┌─ TASK INPUT

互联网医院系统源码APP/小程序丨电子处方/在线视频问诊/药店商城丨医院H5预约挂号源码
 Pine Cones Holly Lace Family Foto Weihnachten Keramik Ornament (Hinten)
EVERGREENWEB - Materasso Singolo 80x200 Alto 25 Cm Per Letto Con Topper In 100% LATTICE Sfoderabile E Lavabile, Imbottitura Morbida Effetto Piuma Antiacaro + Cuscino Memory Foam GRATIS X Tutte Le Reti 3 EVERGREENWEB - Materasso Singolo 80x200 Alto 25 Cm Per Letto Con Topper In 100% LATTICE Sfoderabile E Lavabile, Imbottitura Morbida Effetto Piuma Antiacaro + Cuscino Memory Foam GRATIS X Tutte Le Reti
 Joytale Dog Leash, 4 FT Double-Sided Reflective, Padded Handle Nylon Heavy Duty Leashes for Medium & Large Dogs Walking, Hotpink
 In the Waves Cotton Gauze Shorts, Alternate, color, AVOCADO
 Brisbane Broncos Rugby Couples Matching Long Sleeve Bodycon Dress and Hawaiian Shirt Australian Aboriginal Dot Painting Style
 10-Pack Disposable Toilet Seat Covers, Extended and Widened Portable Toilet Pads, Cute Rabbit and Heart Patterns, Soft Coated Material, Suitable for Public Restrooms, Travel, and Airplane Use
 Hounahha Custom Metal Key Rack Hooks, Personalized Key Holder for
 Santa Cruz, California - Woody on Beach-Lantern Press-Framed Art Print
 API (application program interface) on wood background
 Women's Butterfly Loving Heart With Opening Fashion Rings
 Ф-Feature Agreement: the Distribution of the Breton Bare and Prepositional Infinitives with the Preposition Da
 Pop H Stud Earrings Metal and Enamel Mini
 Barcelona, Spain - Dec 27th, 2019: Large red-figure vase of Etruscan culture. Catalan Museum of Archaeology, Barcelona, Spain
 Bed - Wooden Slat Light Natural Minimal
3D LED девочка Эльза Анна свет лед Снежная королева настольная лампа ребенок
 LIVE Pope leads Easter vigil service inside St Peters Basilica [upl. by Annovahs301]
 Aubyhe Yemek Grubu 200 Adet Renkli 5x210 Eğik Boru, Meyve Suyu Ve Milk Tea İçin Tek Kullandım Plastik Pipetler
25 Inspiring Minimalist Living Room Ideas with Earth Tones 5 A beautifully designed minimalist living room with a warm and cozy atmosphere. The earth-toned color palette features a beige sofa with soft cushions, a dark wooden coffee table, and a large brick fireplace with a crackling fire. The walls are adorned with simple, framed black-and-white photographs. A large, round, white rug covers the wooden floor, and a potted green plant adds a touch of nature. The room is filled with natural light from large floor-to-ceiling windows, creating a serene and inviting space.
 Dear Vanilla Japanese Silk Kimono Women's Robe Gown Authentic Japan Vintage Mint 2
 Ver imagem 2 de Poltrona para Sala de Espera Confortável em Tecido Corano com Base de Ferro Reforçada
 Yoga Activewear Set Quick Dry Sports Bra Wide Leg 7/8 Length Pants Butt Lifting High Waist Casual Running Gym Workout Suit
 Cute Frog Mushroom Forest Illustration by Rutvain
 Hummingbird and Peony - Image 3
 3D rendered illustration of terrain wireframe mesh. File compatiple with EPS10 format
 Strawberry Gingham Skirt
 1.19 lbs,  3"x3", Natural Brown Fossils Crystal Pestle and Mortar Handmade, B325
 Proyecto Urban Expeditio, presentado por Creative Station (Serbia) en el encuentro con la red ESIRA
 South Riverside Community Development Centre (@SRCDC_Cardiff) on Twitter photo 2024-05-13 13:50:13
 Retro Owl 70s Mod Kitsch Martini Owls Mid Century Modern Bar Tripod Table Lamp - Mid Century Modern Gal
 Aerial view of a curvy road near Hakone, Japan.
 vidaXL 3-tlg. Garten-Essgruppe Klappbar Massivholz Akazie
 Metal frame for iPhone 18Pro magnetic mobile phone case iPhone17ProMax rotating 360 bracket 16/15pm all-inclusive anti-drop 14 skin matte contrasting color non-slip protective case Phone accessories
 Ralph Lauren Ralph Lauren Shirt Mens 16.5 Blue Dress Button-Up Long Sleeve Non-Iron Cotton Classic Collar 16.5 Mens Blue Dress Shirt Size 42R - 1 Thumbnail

└─

Within the material above, the line with "In the Waves" opens the range and the line with "25 Inspiring Minimalist" closes it; reproduce that range word for word.

▸ **ANSWER BELOW**
 In the Waves Cotton Gauze Shorts, Alternate, color, AVOCADO
 Brisbane Broncos Rugby Couples Matching Long Sleeve Bodycon Dress and Hawaiian Shirt Australian Aboriginal Dot Painting Style
 10-Pack Disposable Toilet Seat Covers, Extended and Widened Portable Toilet Pads, Cute Rabbit and Heart Patterns, Soft Coated Material, Suitable for Public Restrooms, Travel, and Airplane Use
 Hounahha Custom Metal Key Rack Hooks, Personalized Key Holder for
 Santa Cruz, California - Woody on Beach-Lantern Press-Framed Art Print
 API (application program interface) on wood background
 Women's Butterfly Loving Heart With Opening Fashion Rings
 Ф-Feature Agreement: the Distribution of the Breton Bare and Prepositional Infinitives with the Preposition Da
 Pop H Stud Earrings Metal and Enamel Mini
 Barcelona, Spain - Dec 27th, 2019: Large red-figure vase of Etruscan culture. Catalan Museum of Archaeology, Barcelona, Spain
 Bed - Wooden Slat Light Natural Minimal
3D LED девочка Эльза Анна свет лед Снежная королева настольная лампа ребенок
 LIVE Pope leads Easter vigil service inside St Peters Basilica [upl. by Annovahs301]
 Aubyhe Yemek Grubu 200 Adet Renkli 5x210 Eğik Boru, Meyve Suyu Ve Milk Tea İçin Tek Kullandım Plastik Pipetler
25 Inspiring Minimalist Living Room Ideas with Earth Tones 5 A beautifully designed minimalist living room with a warm and cozy atmosphere. The earth-toned color palette features a beige sofa with soft cushions, a dark wooden coffee table, and a large brick fireplace with a crackling fire. The walls are adorned with simple, framed black-and-white photographs. A large, round, white rug covers the wooden floor, and a potted green plant adds a touch of nature. The room is filled with natural light from large floor-to-ceiling windows, creating a serene and inviting space.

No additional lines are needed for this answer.